THE UNIVERSITY RECORD: LORDY, LORDY, HAVE MERCY ON MING
THE UNIVERSITY RECORD, Issue 5, Volume Four, Week Eight, Michaelmas Term 2000
(The Newspaper of The Students' Union)
On Wednesday November 22nd, 120 students and staff from Trinity laid siege to the Chinese embassy with support from students of UCD and DCU. Enraged over the detention and alleged torture of fellow Trinity student Zhao Ming, the students poured through the embassy gates, swarming the Ailesbury Road building.
As neighbours looked on, the students demanded freedom for Zhao Ming, who has been interred and reportedly tortured in a forced labour camp outside of Beijing since May of this year. As angry protestors lowered the Chinese flag to half-mast and chanted slogans in both English and Chinese, a contingent of Donnybrook's finest arrived to secure the embassy grounds. They were more than happy to see that we didn't quite live up to the Oxford English Dictionaries definition of "donnybrook". The vocal and heated protest withdrew from embassy grounds and placed a picket outside the gates, preventing embassy staff from leaving for 4 hours. Following the arrival of sympathetic students from University College Dublin and Dublin City University, a smaller radical group broke through the police cordon and once again brought the demonstration to Chinese soil. A brief confrontation with attending Gardai ensued, but was defused when Rich Madigan, one of the primary organisers of the event and former GSU president, convinced the group of protestors to withdraw from embassy grounds and rejoin the peaceful demonstration outside. The demonstration was joined by a number of Ailesbury Road residents while rush-hour drivers accepted literature from the demonstrators and showed support with blasts on their car horns.
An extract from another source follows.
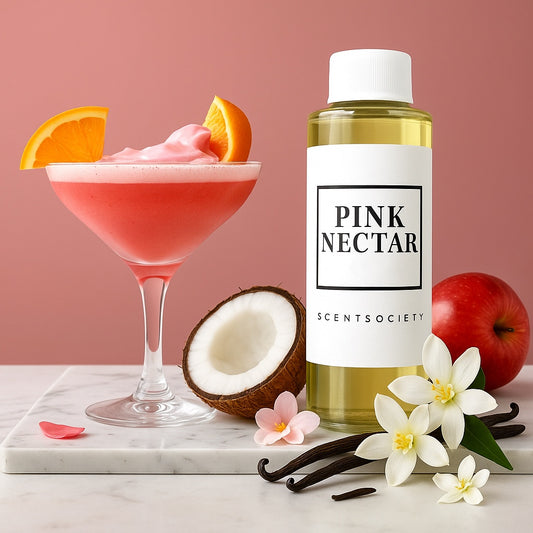 Scent Society PINK NECTAR premium diffuser fragrance oil in a clear 100ml plastic bottle with white label and cap, displayed on a marble surface with an apple, half a coconut, vanilla pods, white flowers and pink flower petals, and a pink cocktail garnished with an orange slice set against a soft pink background.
Earlier in the day, several hundred students and staff gathered in Front Square to show solidarity with Zhao Ming. Dr. Li Shao (University of Nottingham) and Jonathan Guinness, Lord Moyne, both personal friends of Zhao Ming, addressed the crowd and painted a picture of a kind, gentle man enduring unimaginable suffering in a brutal forced labour camp. Lord Moyne also highlighted the need for China to respect human rights if it expects to be accepted as part of the global community. Richard Madigan and Brian MacSharry, representatives of the GSU, then emphasised the need to support a fellow student - a valued and respected member of Trinity's academic community. "This is someone who would have been lecturing you, who could have sat next to you in the library or the dining hall. Ming is not a faceless human rights cause - he is a man, he is a student, he is our friend," said GSU President Brian MacSharry. Students' Union President Rory Hearne then made an impassioned plea to the Irish Government to inter- cede on Ming's behalf. Other student groups showing support were the One World Society, Amnesty, and the Socialist Worker Student Society.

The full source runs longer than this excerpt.